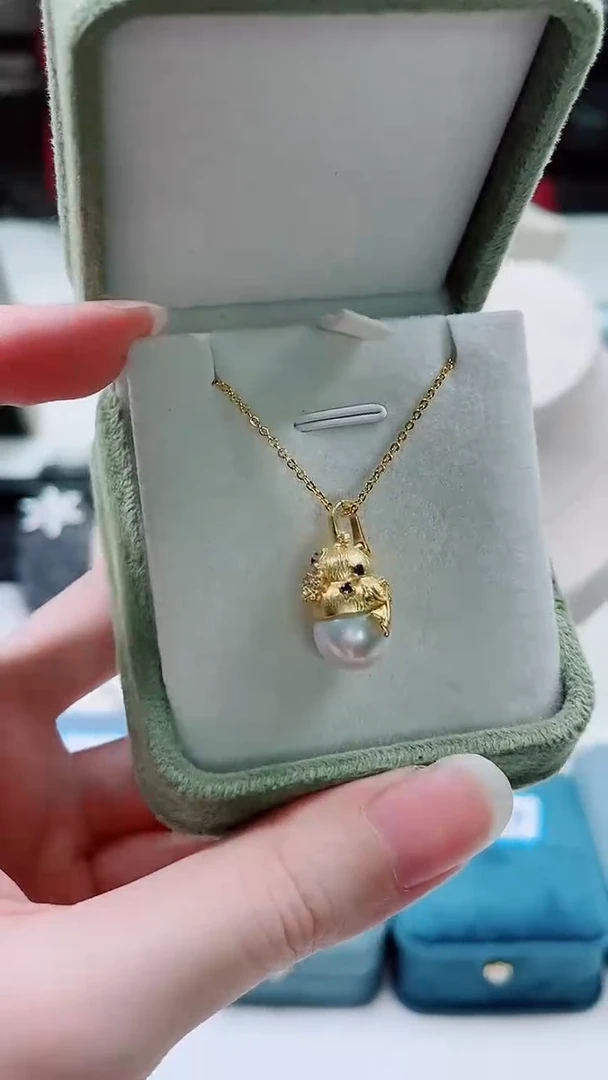 合金其他淡水珍珠多样性发一1495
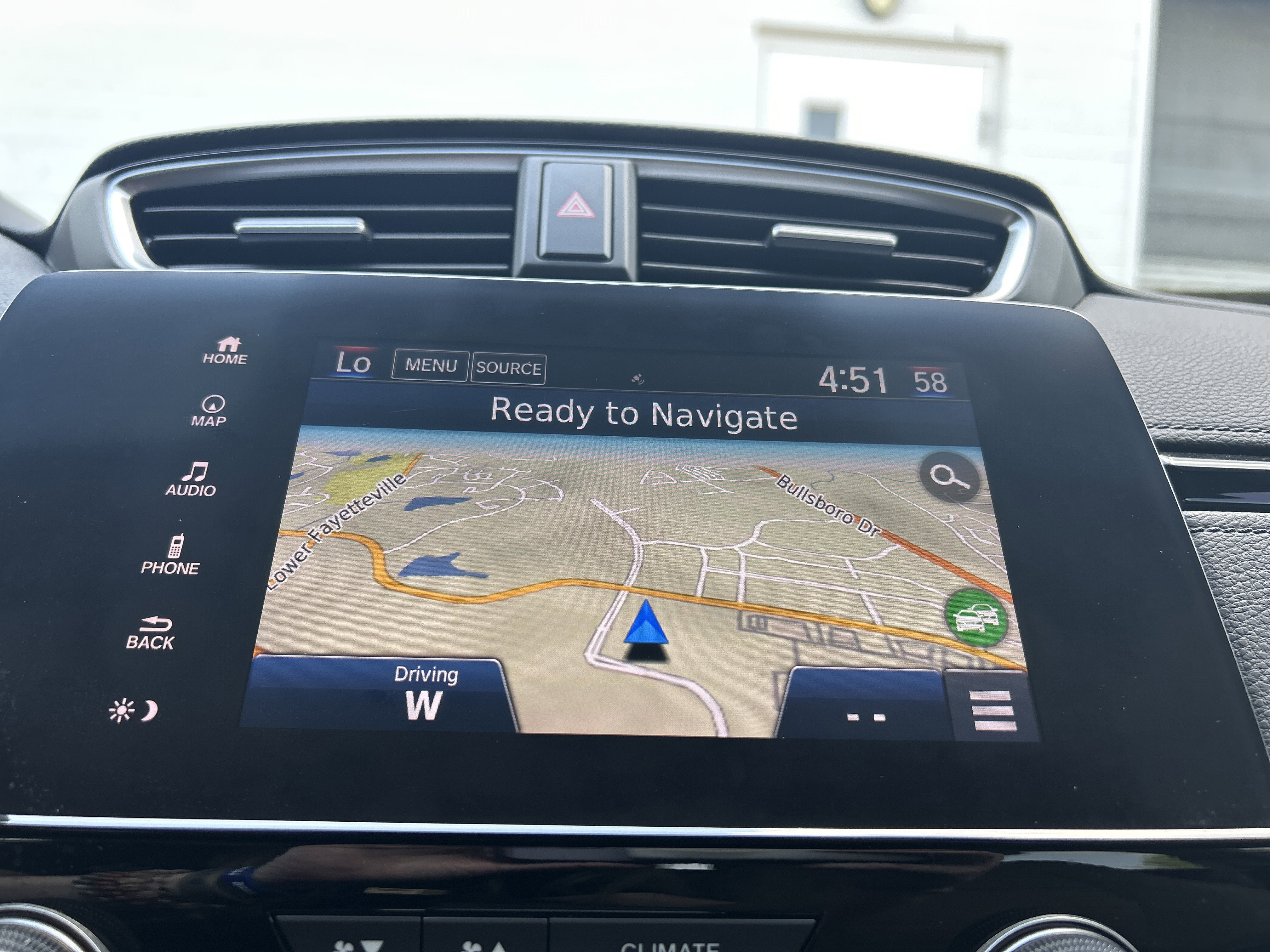 Used 2018 Honda CR-V Touring image 12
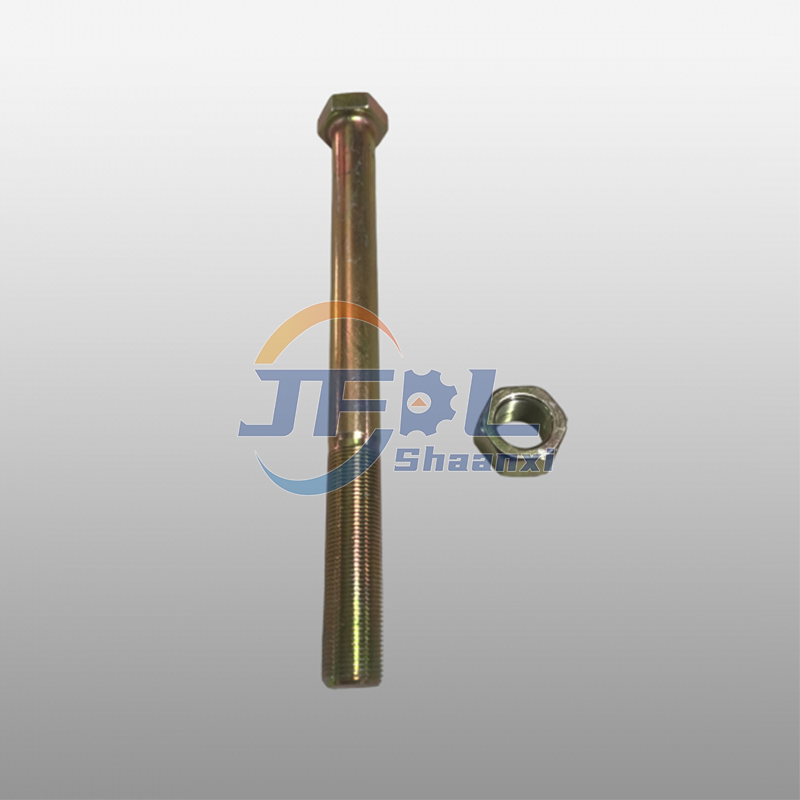 JFDL حار بيع قطع غيار الشاحنات الثقيلة عرافة رئيس البراغي SZ952000773 مسدس الترباس لشكمان 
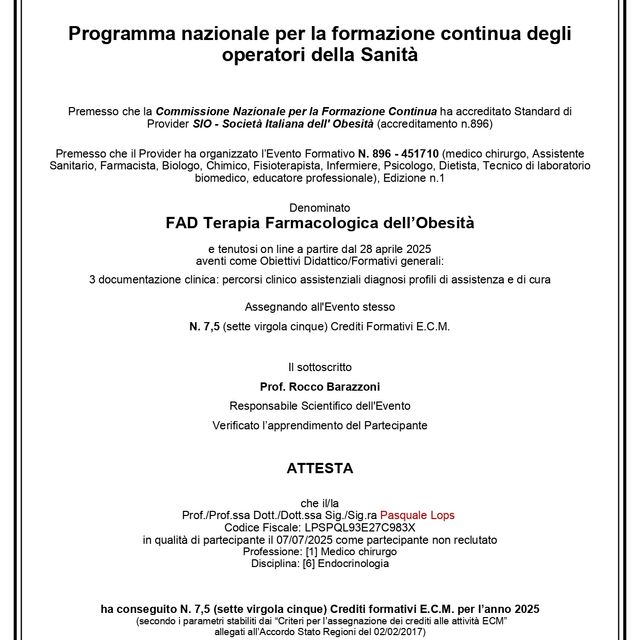 Ingrandire l'immagine: certificate 2
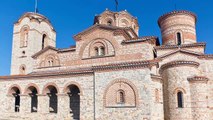 Ohrid (Macedonia) Travel - Saint Panteleimon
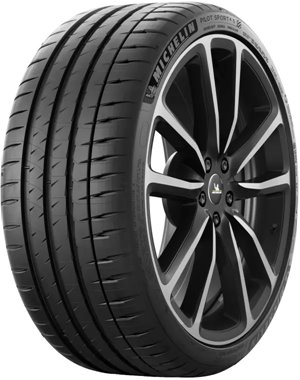 Opony Michelin Michelin Pilot Sport A/S 4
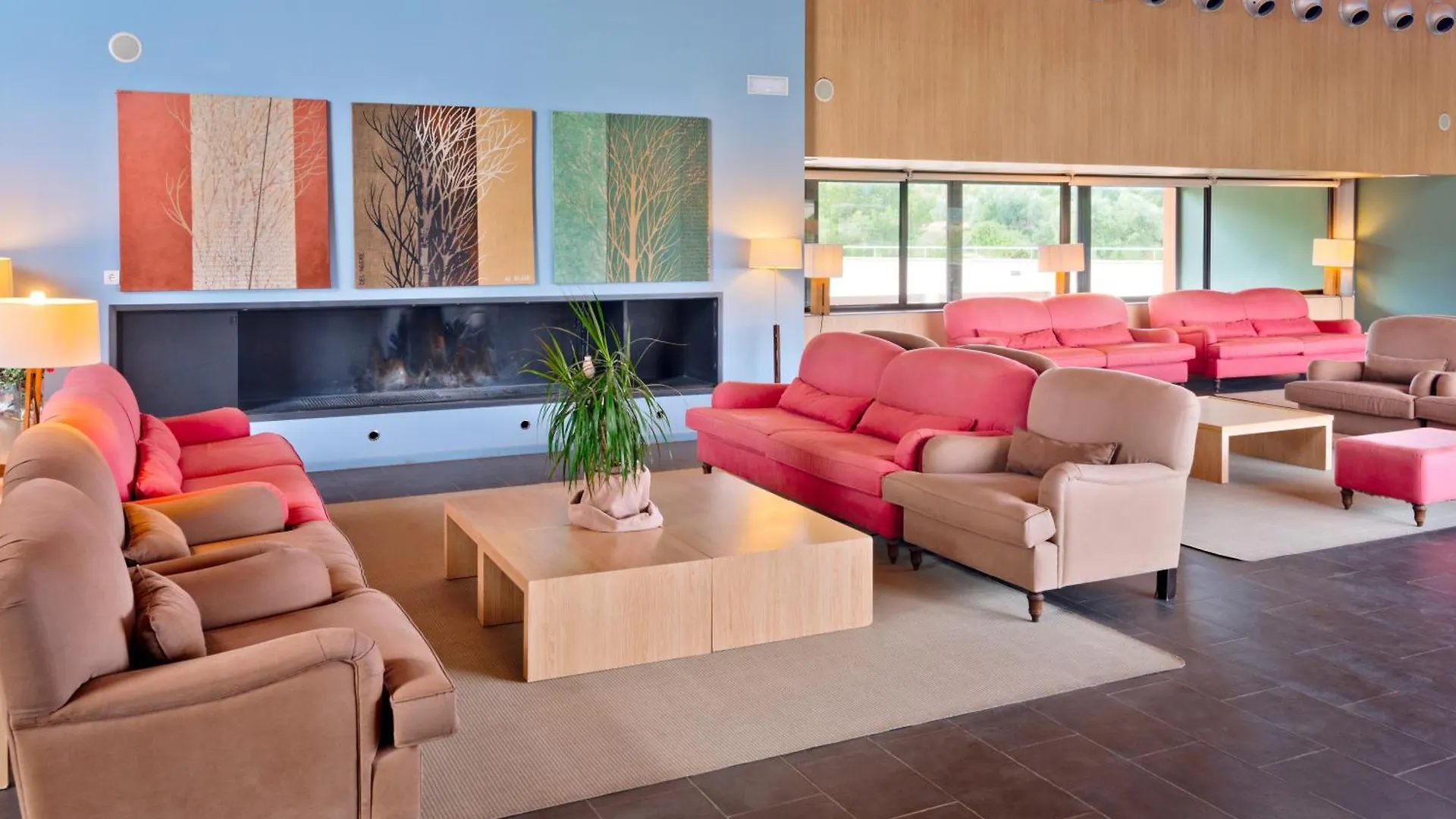 Hotel Vilar Rural D'Arnes By Serhs Hotels Sant Carles De La Rapita 4*,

────────

# [Exercise objective]
Return only the lines from the line containing "Ohrid (Macedonia) Travel - Saint Panteleimon" through the last line of the records above, both ends included, exactly as written, leaving pictures out.

# [Finished task]
 Ohrid (Macedonia) Travel - Saint Panteleimon
 Opony Michelin Michelin Pilot Sport A/S 4
 Hotel Vilar Rural D'Arnes By Serhs Hotels Sant Carles De La Rapita 4*,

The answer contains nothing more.